Well, that’s good enough for me, and I expect it’s good enough for you, dear reader, because we knew it all along — there were no doubts, no expectations of drama, nothing to say it wouldn’t turn out this way, not even a trip home to Argentina to worry us, Bielsa has been working at Thorp Arch all the summer long, and when he wasn’t working he was domiciled a matter of steps away, and the one time he ventured beyond Yorkshire, to Scotland, he was quickly located and photographed by fans. We knew he was here, we knew he was preparing for the new season, we knew that two days before the first game kicks off he’d shrug and say, “It’s a subject that’s resolved.”

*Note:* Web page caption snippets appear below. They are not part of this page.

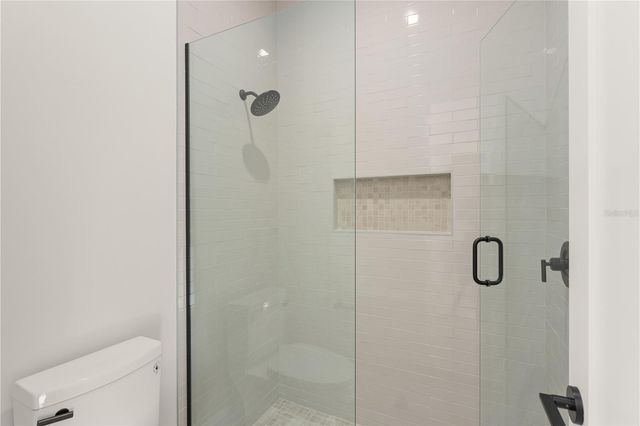 119 N GLENWOOD AVENUE, Orlando, FL 32803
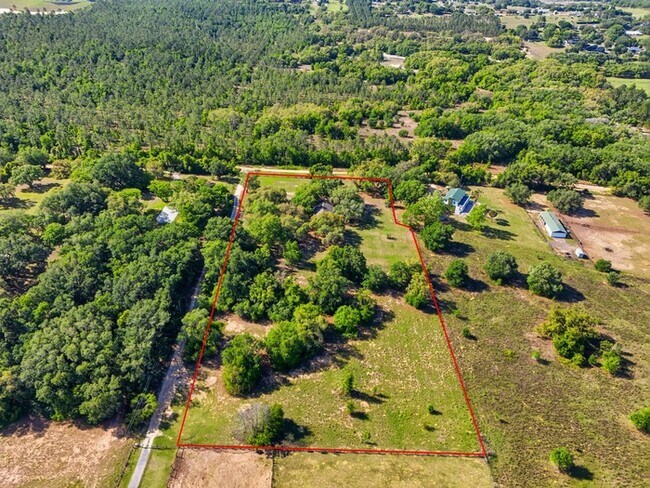 Foto del edificio - 13205 Mountain View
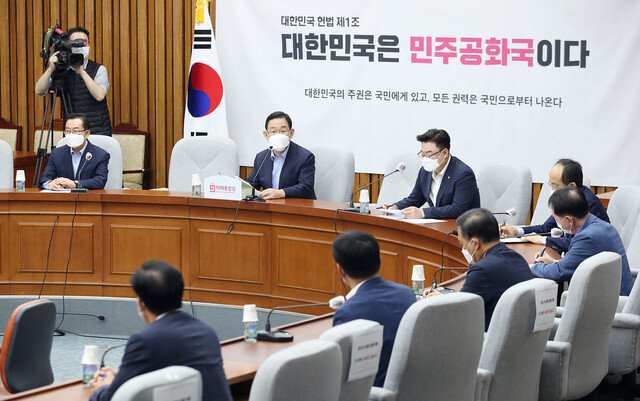 주호영 미래통합당 원내대표가 25일 서울 여의도 국회에서 열린 원내대책회의에서 발언하고 있다. 연합뉴스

It’s still a relief to hear him say it, though. Although this is less good news:

“One year is habitual.”

Same again next summer, then? Great. But if this is how it is, it’s how it is. It’s odd to look back to how I cared less about Massimo Cellino picking between watermelons every six weeks than about the almost certainly continuing work of the staunchest coach in the Premier League. Something Bielsa seems to be aware of, but we’ll come to that. I just wish he was aware of how large that word ‘almost’ looms in our nightmares while his contract is awaiting his pen.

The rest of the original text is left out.